Bij eerdere opgravingen vonden archeologen een indrukwekkend gebouw met zuilen, een geavanceerd watersysteem en sporen van een Romeinse belegering. Naast de nu ontcijferde potscherf zijn er ook andere ostraca (ingekraste potscherven) gevonden met inscripties in Hebreeuws, Aramees en Grieks.

Volgens dr. Dvir Raviv, die momenteel de opgravingen leidt, “versterken deze vondsten het bewijs dat de vesting een belangrijke rol speelde tijdens de Hasmonese en Herodiaanse periode“.

Bewijs van een onafgebroken Joodse aanwezigheid

De Joodse literatuur uit de Tweede Tempelperiode noemt Sartaba als een belangrijke plek. Het was vernoemd naar Hasmonese koning Alexander Janneüs en diende als een begraafplaats voor de koninklijke familie.

Itay Granak, directeur-generaal van het Israëlische ministerie van Erfgoed, benadrukte de historische betekenis van de vondst: “Deze ontdekking bevestigt opnieuw de onafgebroken band van het Joodse volk met Israël. De naam Eleazar voegt zich bij de lange reeks van bewijsmateriaal over de voortdurende Joodse aanwezigheid in het land – van de Jordaanvallei tot Jeruzalem.

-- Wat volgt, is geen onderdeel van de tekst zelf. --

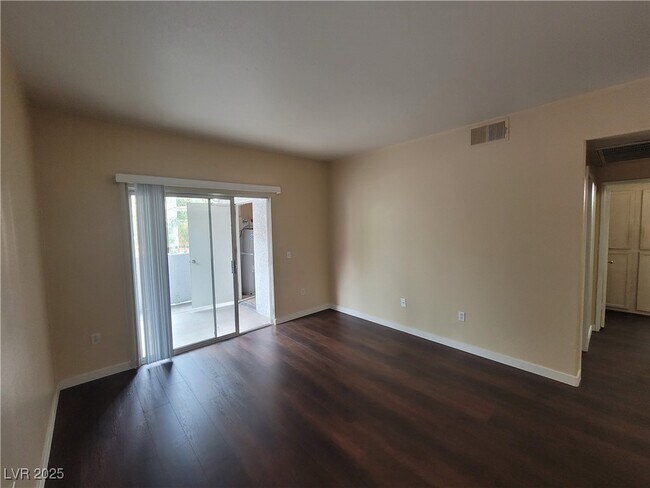Foto del edificio - 2615 W Gary Ave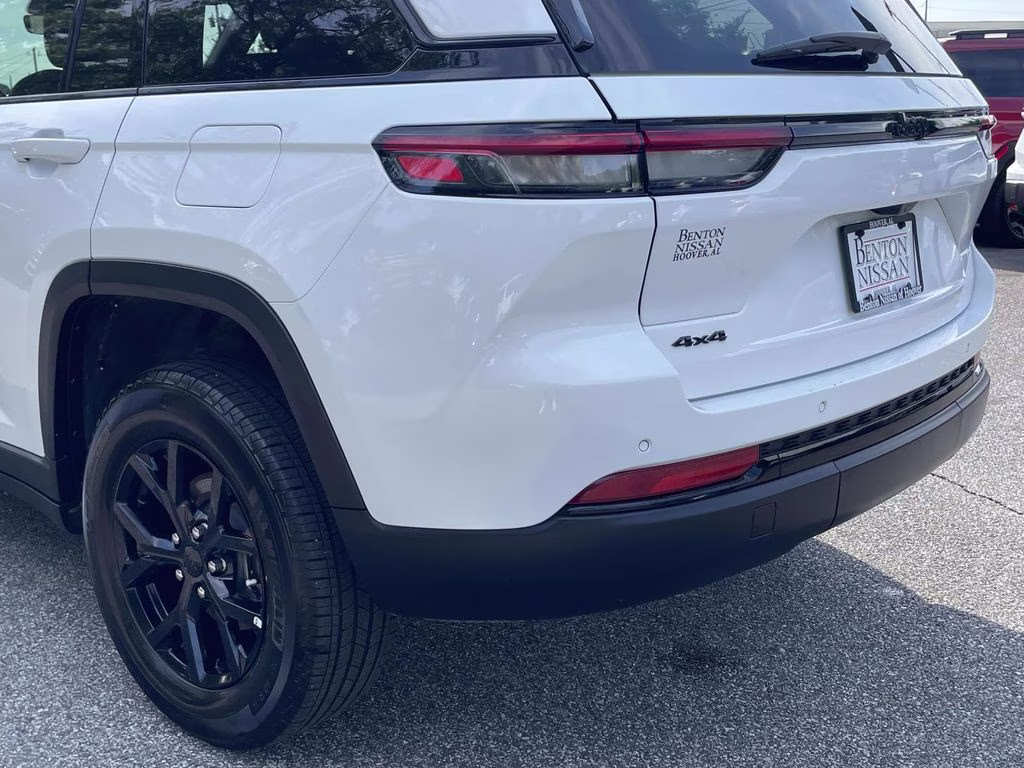 2025 Bright White Clearcoat Jeep Grand Cherokee Altitude 4X4 SUV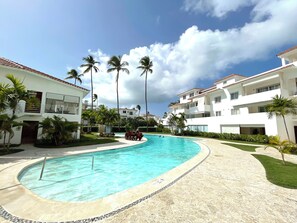 حمّام سباحة خارجي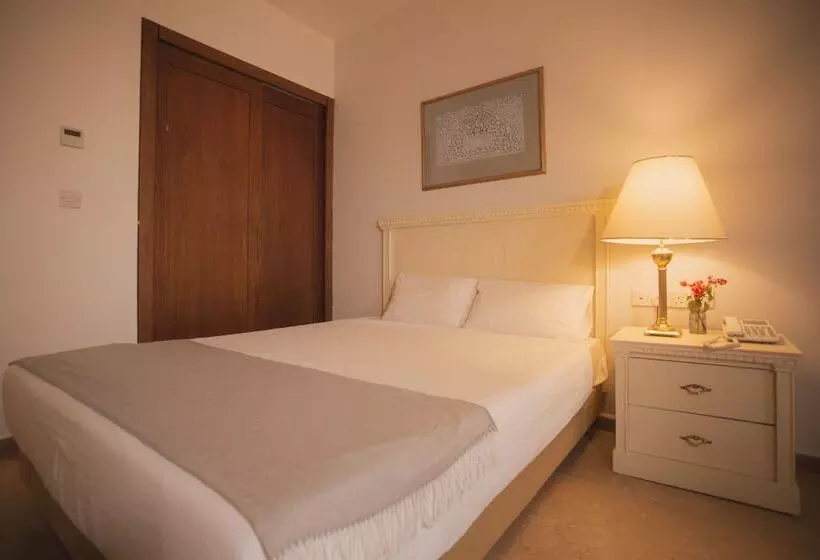اتاق لوکس یک تخته, Grand Hotel Madaba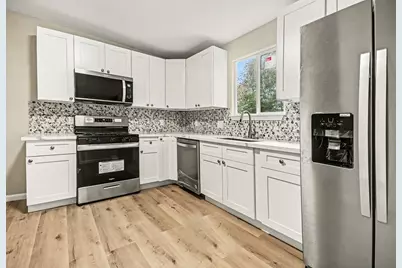 2828 Avenue O 1/2, Galveston, TX 77550 - Photo 9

Ook Benny Har-Even, hoofd van de Archeologie Staff Officer Corps, onderstreepte het belang van het onderzoek: “Na 40 jaar is het hervatten van de opgravingen op Sartaba een historisch moment. We verwachten nog veel meer ontdekkingen die licht zullen werpen op de Hasmonese en Herodiaanse periode en de oude Joodse nederzetting in deze regio“.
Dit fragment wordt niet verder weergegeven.